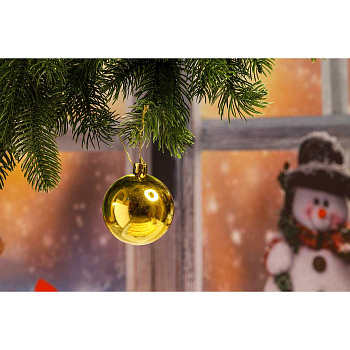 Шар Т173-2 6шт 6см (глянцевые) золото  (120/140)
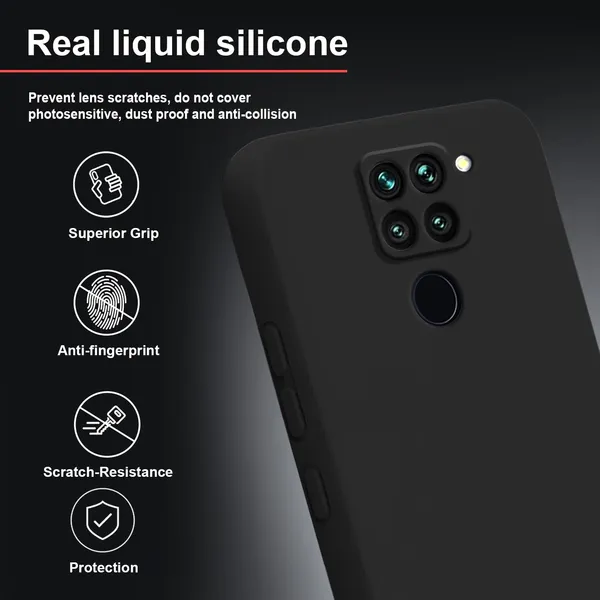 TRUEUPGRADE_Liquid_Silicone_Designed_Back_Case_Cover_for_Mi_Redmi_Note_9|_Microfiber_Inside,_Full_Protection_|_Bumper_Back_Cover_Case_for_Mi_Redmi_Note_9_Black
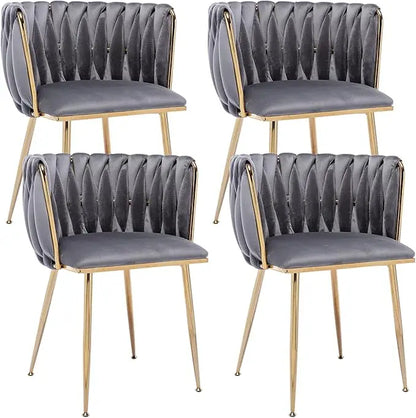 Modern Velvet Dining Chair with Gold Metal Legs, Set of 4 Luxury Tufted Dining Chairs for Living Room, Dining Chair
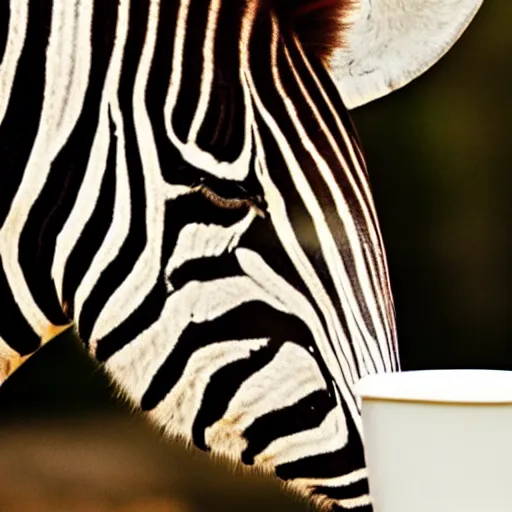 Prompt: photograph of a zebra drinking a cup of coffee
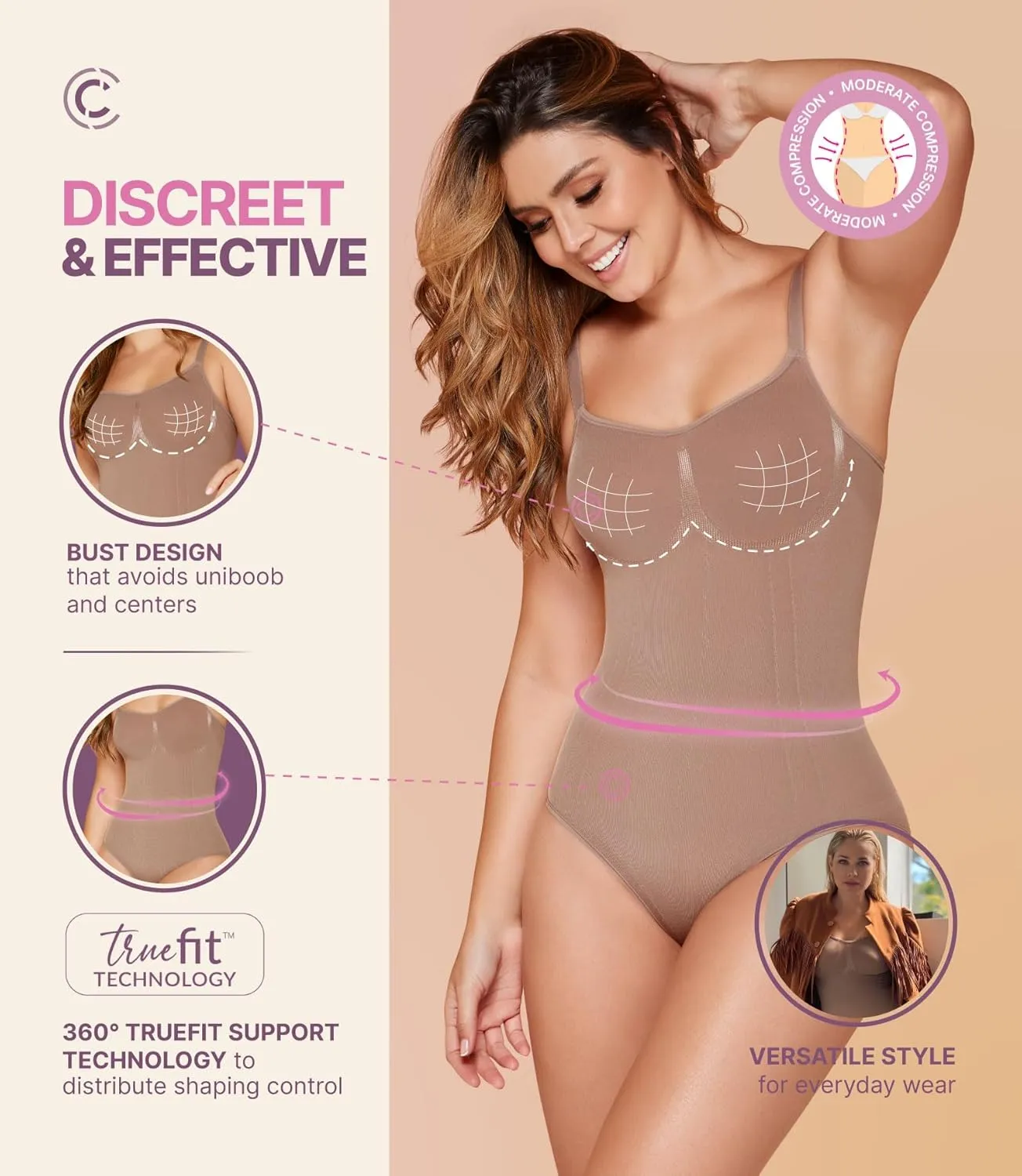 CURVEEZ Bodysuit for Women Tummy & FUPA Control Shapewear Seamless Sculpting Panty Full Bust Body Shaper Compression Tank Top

--

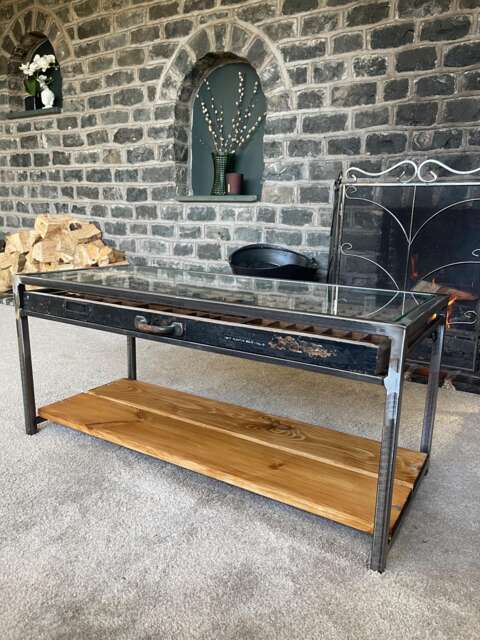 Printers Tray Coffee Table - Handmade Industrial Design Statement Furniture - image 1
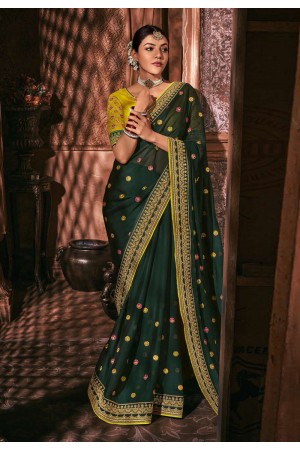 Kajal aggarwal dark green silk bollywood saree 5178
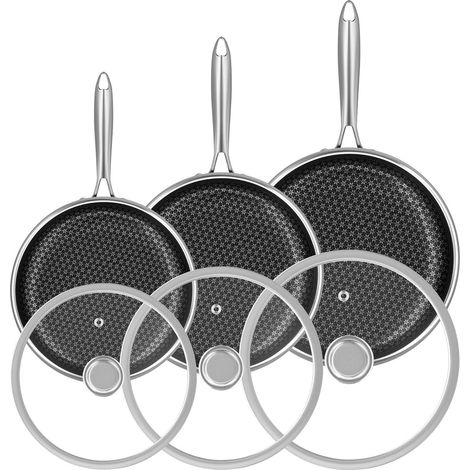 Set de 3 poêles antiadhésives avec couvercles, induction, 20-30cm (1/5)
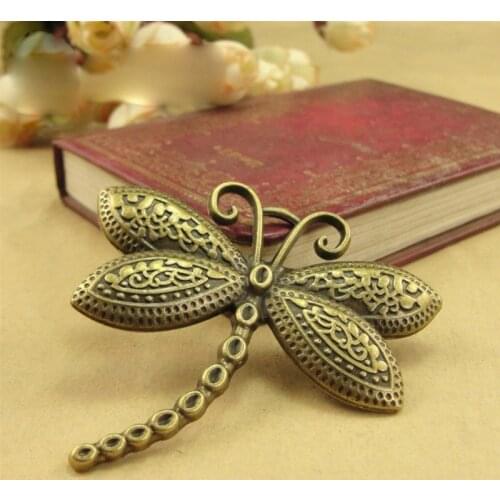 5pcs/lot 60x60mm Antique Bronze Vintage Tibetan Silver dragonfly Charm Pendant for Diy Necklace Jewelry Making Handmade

• Task details
Extract from the material above the stretch running from the line containing "Printers Tray Coffee" through the line containing "Set de 3 poêles". Keep the text exact and the pictures out.

• Result below
 Printers Tray Coffee Table - Handmade Industrial Design Statement Furniture - image 1
 Kajal aggarwal dark green silk bollywood saree 5178
 Set de 3 poêles antiadhésives avec couvercles, induction, 20-30cm (1/5)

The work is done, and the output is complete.